In short, the onset of truly mass communication in the United States since the 1930s has resulted in an information explosion that has had a tremendous impact in broadening Americans' perceptions of and interests in events occurring around them. Under the impact of this information explosion, many old "truths" have frequently emerged less hallowed and somewhat more tarnished than past generations ever could have thought possible. Television, books, telephones, radio, mass rallies made possible by the jet plane and the automobile, newspapers, and magazines are not merely vehicles which have allowed the dissemination of an increased volume of information at an increased rate. The volume and rate of information dispersion has itself had an enormous impact upon society's members, especially in terms of their perceptions of the world and their definitions of reality.

Although sport has hardly died since Edwards published Sociology of Sport in 1973, it has gone through changes both more rapidly and larger in scope in the past 42 years than in any other period in American history. Free agency has radically increased the flow of money from owners to athletes. Sports like basketball and soccer have risen heavily in the national consciousness. Athletes of color and international athletes are far more prevalent in American sports. And the rise of cable television has made it possible to follow more and more sports and watch more and more games of sports that were already popular.

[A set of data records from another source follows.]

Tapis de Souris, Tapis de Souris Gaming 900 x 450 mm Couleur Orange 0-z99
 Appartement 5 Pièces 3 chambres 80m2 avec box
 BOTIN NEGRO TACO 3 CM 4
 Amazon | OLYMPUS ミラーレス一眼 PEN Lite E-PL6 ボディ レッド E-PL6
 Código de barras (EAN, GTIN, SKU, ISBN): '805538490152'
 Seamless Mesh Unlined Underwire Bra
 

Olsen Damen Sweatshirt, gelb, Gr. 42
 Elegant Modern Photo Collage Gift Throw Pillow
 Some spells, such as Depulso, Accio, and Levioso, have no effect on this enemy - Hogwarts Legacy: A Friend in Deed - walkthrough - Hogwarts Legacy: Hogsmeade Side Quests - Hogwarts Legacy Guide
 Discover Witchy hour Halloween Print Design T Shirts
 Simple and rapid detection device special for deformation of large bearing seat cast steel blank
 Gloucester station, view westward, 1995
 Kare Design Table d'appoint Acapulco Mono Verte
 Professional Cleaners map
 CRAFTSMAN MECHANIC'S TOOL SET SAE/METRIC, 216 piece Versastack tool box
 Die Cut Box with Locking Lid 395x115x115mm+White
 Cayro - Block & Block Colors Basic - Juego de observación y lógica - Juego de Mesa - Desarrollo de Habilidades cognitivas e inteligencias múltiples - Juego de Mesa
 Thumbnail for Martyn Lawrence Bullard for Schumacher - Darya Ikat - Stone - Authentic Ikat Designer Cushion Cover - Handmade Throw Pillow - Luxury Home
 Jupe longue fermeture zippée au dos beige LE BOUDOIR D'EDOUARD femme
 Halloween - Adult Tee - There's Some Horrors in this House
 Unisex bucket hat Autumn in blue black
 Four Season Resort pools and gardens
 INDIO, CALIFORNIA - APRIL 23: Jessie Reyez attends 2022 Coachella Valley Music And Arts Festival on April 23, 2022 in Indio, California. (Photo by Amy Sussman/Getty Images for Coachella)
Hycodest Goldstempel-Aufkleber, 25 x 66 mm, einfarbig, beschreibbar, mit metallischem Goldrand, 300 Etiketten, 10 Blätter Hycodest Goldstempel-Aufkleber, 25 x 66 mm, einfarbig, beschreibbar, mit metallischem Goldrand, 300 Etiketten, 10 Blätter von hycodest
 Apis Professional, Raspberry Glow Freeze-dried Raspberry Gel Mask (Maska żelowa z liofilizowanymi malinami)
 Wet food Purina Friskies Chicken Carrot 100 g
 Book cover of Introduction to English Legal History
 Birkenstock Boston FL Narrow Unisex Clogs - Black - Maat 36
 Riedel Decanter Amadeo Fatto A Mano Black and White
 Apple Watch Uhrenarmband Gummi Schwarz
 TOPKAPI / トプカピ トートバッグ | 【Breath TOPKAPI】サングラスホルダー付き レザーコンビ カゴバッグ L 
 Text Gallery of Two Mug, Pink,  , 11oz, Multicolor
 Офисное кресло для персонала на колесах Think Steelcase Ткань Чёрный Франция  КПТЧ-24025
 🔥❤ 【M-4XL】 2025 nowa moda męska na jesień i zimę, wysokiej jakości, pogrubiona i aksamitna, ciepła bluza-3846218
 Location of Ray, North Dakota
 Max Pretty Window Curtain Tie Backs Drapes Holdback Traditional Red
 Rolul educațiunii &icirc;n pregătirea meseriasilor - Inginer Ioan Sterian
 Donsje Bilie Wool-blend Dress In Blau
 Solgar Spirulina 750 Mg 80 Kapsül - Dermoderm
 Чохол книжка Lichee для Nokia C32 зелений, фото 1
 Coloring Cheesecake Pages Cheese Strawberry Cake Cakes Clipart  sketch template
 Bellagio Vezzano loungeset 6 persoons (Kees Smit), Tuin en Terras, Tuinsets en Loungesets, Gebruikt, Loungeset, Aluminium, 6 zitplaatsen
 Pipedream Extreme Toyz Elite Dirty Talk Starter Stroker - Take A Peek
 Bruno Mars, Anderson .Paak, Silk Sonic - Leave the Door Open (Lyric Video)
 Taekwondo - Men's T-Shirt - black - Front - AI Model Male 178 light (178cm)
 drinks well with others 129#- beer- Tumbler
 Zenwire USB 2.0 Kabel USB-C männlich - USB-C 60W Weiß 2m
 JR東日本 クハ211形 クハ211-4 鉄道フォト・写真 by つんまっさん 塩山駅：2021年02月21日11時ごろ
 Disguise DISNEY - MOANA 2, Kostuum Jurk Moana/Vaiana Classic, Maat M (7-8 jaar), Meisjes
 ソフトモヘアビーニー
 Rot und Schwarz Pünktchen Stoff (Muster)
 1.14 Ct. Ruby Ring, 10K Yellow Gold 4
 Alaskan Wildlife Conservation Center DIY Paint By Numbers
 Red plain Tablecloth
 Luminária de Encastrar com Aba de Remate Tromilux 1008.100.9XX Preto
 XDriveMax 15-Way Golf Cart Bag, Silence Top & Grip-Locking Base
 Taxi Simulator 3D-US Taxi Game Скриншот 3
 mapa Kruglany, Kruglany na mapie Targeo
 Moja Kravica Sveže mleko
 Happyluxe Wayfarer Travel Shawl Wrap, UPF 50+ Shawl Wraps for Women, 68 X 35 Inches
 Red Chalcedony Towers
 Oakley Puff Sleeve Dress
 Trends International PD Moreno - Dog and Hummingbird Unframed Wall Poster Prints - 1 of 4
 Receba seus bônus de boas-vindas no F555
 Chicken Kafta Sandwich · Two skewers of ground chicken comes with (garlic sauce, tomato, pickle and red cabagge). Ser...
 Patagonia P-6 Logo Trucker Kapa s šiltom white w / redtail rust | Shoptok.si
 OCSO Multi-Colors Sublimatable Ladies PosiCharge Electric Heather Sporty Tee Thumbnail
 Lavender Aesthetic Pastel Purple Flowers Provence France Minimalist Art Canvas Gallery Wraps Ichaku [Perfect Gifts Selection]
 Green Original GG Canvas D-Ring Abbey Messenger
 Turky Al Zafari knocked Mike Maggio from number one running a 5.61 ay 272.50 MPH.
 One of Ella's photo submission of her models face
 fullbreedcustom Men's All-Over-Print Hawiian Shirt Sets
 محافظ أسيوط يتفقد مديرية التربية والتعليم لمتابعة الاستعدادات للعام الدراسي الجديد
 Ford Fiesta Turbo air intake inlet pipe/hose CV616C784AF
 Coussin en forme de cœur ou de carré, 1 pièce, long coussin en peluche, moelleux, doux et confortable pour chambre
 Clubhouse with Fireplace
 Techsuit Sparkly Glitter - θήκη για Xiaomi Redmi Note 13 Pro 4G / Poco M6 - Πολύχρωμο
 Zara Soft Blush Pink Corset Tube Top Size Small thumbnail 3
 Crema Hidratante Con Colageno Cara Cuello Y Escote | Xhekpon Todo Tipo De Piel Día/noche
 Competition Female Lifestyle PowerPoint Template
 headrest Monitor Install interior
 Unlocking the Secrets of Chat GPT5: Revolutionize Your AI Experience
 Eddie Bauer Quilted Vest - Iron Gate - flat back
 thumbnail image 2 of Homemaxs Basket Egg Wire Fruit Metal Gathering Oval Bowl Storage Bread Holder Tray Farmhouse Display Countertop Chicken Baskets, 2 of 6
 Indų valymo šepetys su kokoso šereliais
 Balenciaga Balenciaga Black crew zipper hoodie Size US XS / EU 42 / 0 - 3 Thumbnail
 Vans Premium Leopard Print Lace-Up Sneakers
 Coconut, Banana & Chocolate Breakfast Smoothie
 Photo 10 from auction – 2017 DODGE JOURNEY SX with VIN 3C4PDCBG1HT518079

The internet is having as big an effect as any advancement in mass communications yet. Just as the sports fan experience was radically changed by the radio, the airplane and the television, the internet is leading to another explosion in information and another radical change in how sports are watched and learned by young people. Whereas sporting institutions were able to take advantage of the standardized infrastructure of television and radio, the more democratic space of the internet has offered fans more avenues to enjoy the sport and more different groups of people to do it with.

In the late 1960s and early 1970s, the American sporting institution was facing a number of crises. More and more athletes were joining social movements, both on campuses and in professional unions. An economic recession had hit the nation and was hitting sports hard. And the violence and authoritarianism in sports was becoming less and less acceptable to the growing liberal and left wing populations in America. Again, from Edwards:

What is happening in sports today results from the impact of the twentieth century, with its affluence, its speed, its mass communications--all of which have combined to creates a much smaller world and new definitions of reality. As tradition has become less and less relevant to contemporary perceptions of reality, tremendous strains have resulted. These strains themselves are manifestations of social change--a change which is rapidly approaching "critical mass" wherein not only is an adjustment in institutional processes demanded, but an alteration in institutional foundations and structural relationships as well.

Replace "the twentieth century" with "the 1980s and 1990s," and the above paragraph could easily pass as referring to sports today. The remarkable speed of communication and (as these Primary Sources columns should show) the remarkable access to archives made possible by the internet have only continued to erode the importance of tradition and to create the ever-shrinking world referred to by Edwards.

As a result, the conflicts between old and new will only persist, if not escalate. And as new ideas slowly but surely win some of these battles, those viewing from static perspectives will continue to moan, "Baseball is dead!"

Indeed. Baseball is dead. Long live baseball.